L’État partie doit prendre toutes les mesures nécessaires afin de sanctionner de tels faits en faisant respecter le paragraphe 2 de l’article 20 du Pacte.

19.Le Comité constate la pénalisation de certains comportements tels que ceux qui sont qualifiés de «débauche» (art. 17 et 26 du Pacte).

L’État partie doit veiller au strict respect des articles 17 et 26 du Pacte, et s’abstenir de réprimer les relations sexuelles privées entre adultes consentants.

20.Tout en notant les efforts fournis par l’État partie en vue d’assurer l’éducation aux droits de l’homme et à la tolérance, le Comité relève les résultats encore insuffisants dans ce domaine.

L’État partie est invité à renforcer l’éducation aux droits de l’homme et à prévenir par l’éducation toutes les manifestations d’intolérance et de discrimination fondées sur la religion ou la conviction.

21.Le Comité se déclare préoccupé par les restrictions apportées par la législation égyptienne et la pratique à la constitution d’organisations non gouvernementales ainsi qu’à leurs activités, en ce qui concerne notamment la recherche de financement externe nécessitant l’autorisation préalable des autorités, sous peine de condamnations pénales (art. 22 du Pacte).

L’État partie devrait revoir sa législation et sa pratique pour permettre aux organisations non gouvernementales d’exercer leurs attributions sans entraves incompatibles avec les dispositions de l’article 22 du Pacte, telles que l’autorisation préalable, le contrôle du financement et la dissolution administrative.

22.Le Comité constate les entraves, de fait et de droit, portées à la création et au fonctionnement de partis politiques, principalement à travers la commission instituée par la loi sur les partis politiques no 40 de 1977, qui ne présente pas toutes les garanties d’indépendance (art. 22 et 25 du Pacte).

L’État partie doit permettre l’expression démocratique du pluralisme politique et donc se conformer à ses obligations au regard du Pacte, en tenant compte de l’observation générale no 25 du Comité. L’État partie est également invité à faire état, dans le cadre de son prochain rapport, de la liste des infractions permettant à un tribunal de prononcer la privation des droits civils et politiques.

23.L’État partie devrait donner une large diffusion au texte des rapports périodiques et aux présentes observations finales.

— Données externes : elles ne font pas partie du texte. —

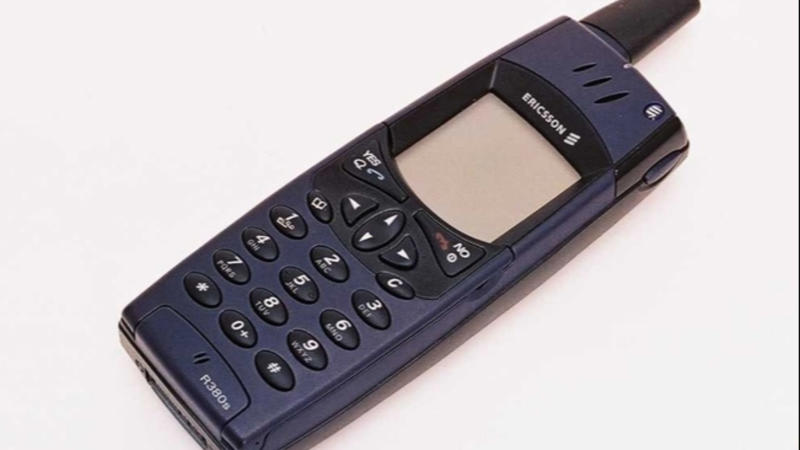 1. Nokia 8110, 2. Sony Ericsson W800, 3. Motorola Razr, 4. Motorola Flipout, 5. Nokia 3310, 6. Nokia 9000, 7. LG Chocolate, 8. Nokia 5110, 9. Motorola StarTAC, 10. Ericsson R380, 11. BlackBerry Bold 9000, 12. LG Rumor Touch, 13. BlackBerry Curve 8900, 14. Motorola Pebl, 15. HTC Legend, 16. Samsung Galaxy Note, 17. iPhone 4/4S, 18. LG U8110, 19. Nokia 7280, 20. BlackBerry Pearl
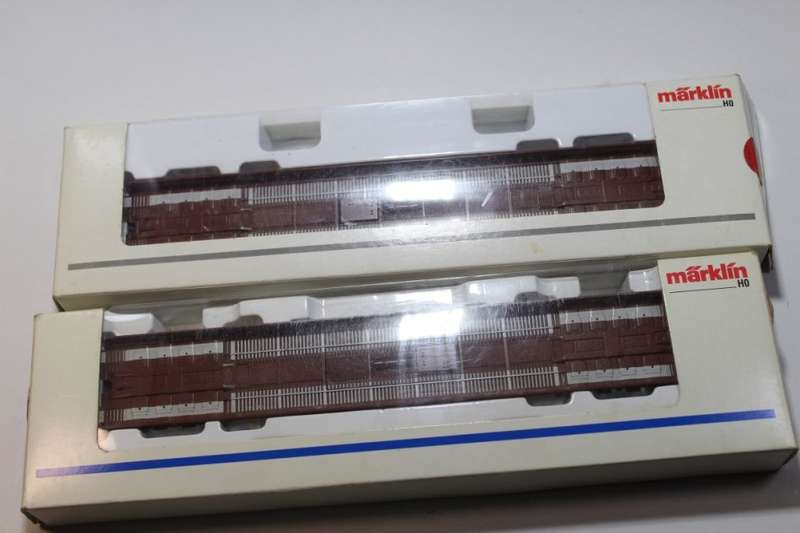 Marklin : 2 x Truck Carrier Wagons (HO)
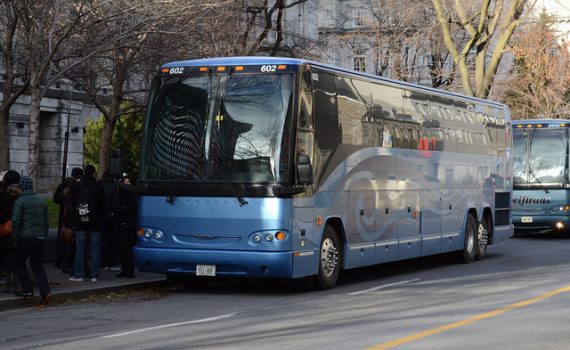 China lanza el primer autobús sin conductor del mundo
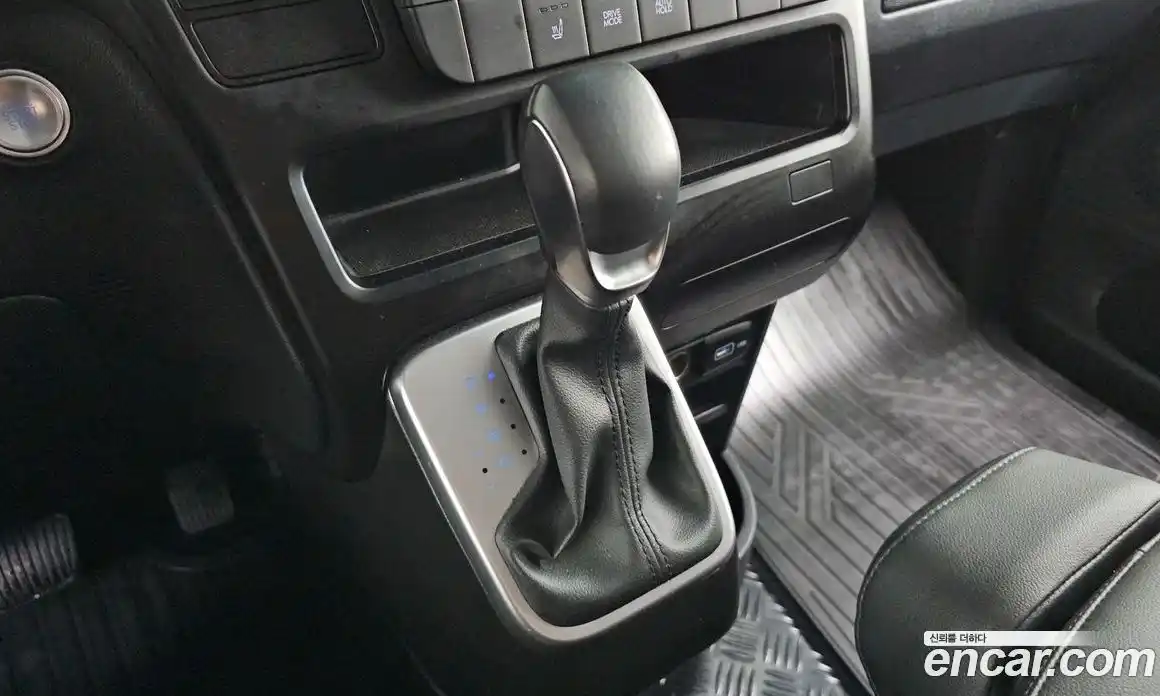 Hyundai Staria 2024 2.2 гидро, фото 12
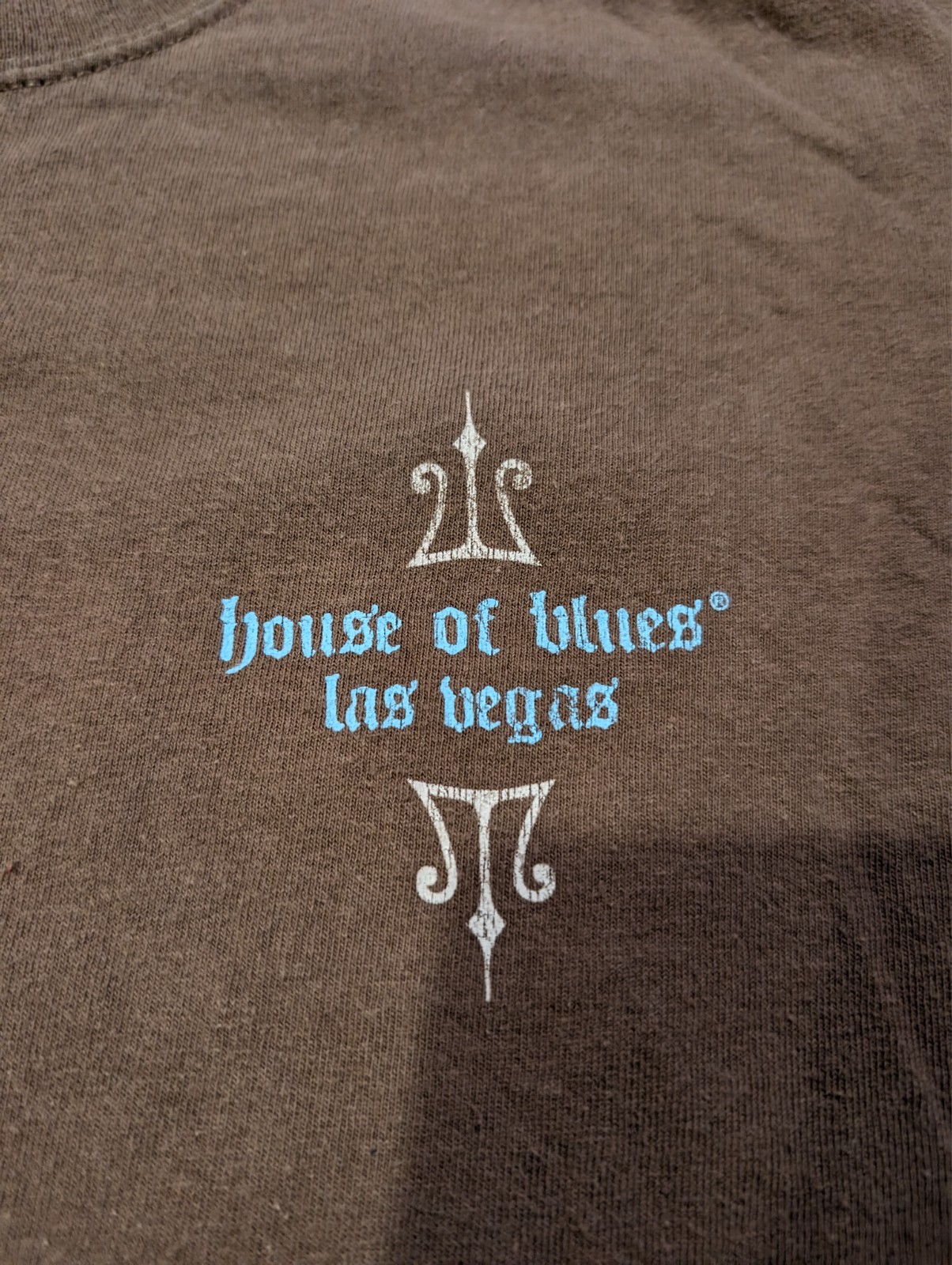 House Of Blues Las Vegas In Blues We Trust Maltese Cross Graphic T Shirt Sz M
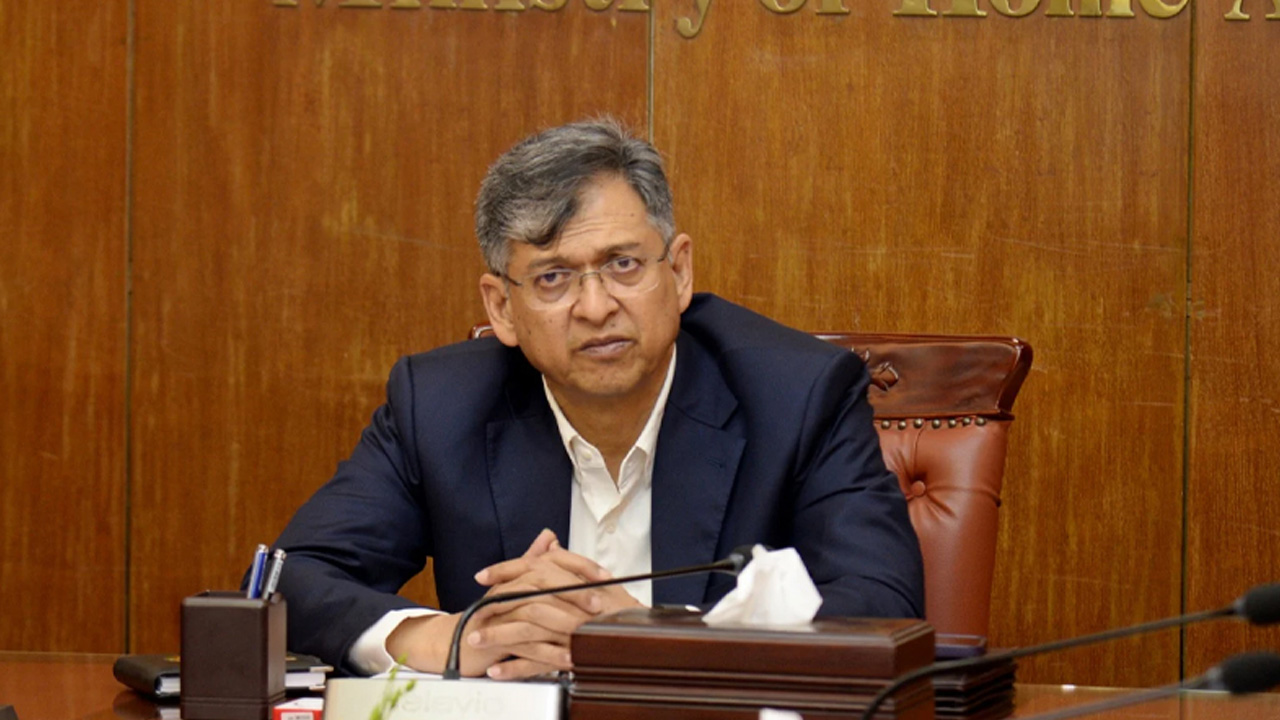 সাবেক আইজিপি বেনজীরকে ফেরাতে দুবাইয়ে ল’ ফার্ম নিয়োগ করেছে সরকার: স্বরাষ্ট্রমন্ত্রী
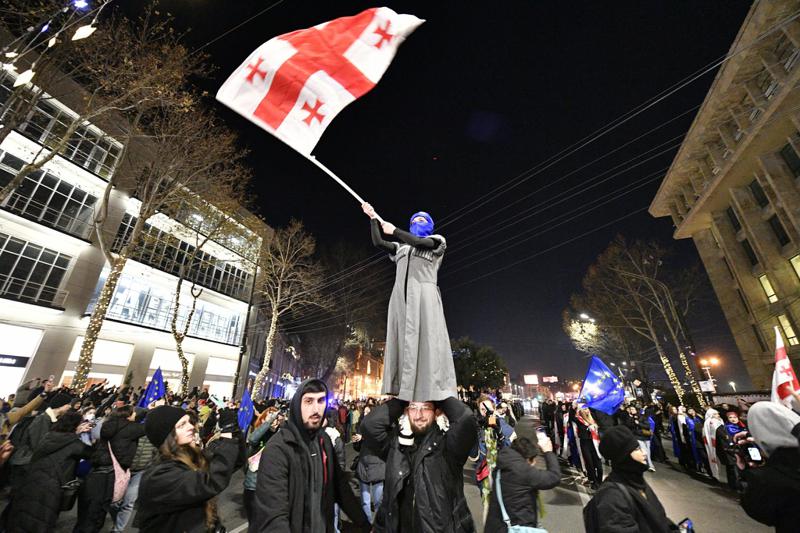ხორუმი რუსთაველზე: ქართველი მოცეკვავეების მსვლელობა ცეკვით - ფოტოები დედაქალაქის მთავარი გამზირიდან
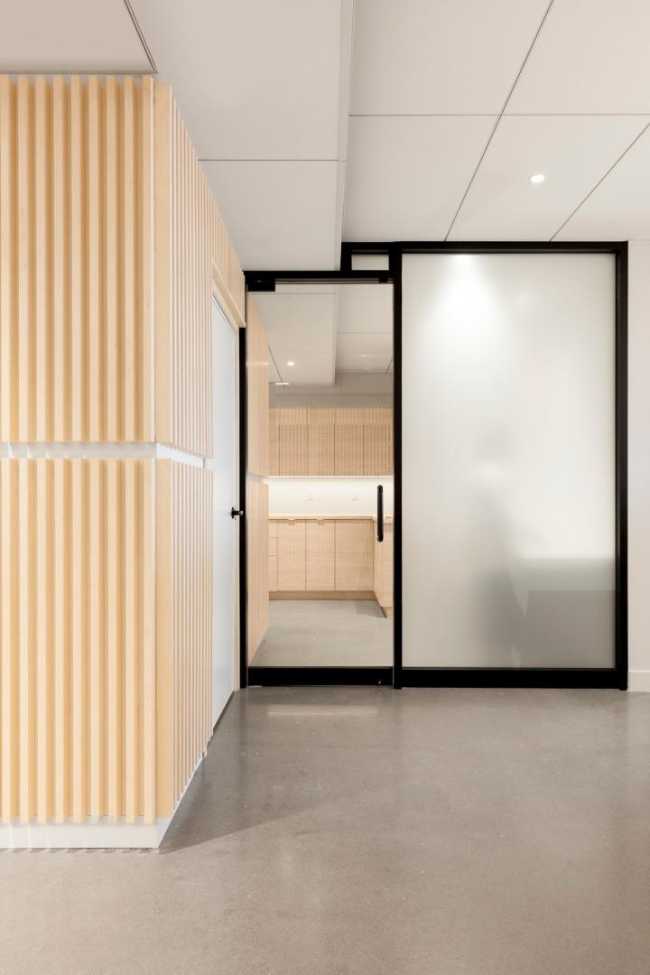 Interni legno e vetro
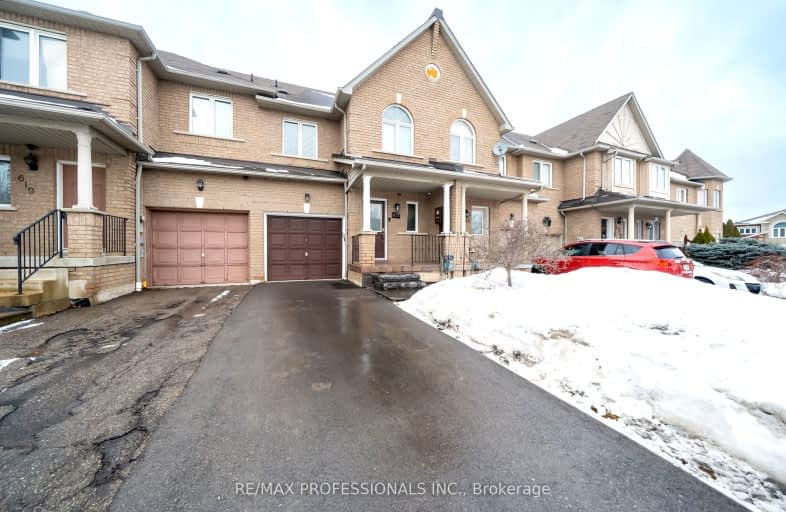 621 Lumberton Crescent, Mississauga | Image 1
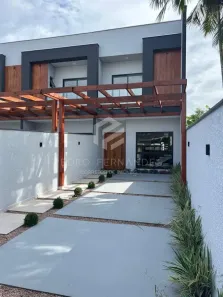Sobrado com 3 Quartos à venda, 111m² no Saguaçu, Joinville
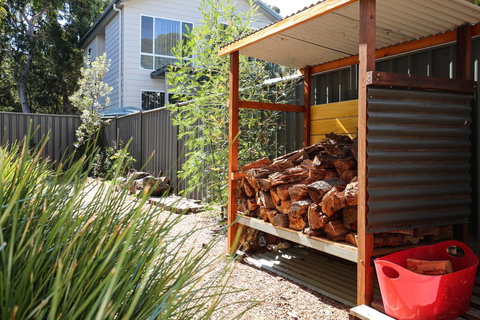 Calming Waters - Pet Friendly - Community Pool - E Caravan Parks 33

24.Conformément au paragraphe 5 de l’article 70 du Règlement intérieur du Comité, l’État partie devrait adresser dans un délai d’un an des renseignements sur la suite donnée aux recommandations du Comité figurant aux paragraphes 6, 12, 13, 16 et 18 du présent texte. Le Comité demande à l’État partie de communiquer dans son prochain rapport, qu’il doit soumettre d’ici au 1er novembre 2004, des renseignements sur les autres recommandations qu’il a faites et sur l’application du Pacte dans son ensemble.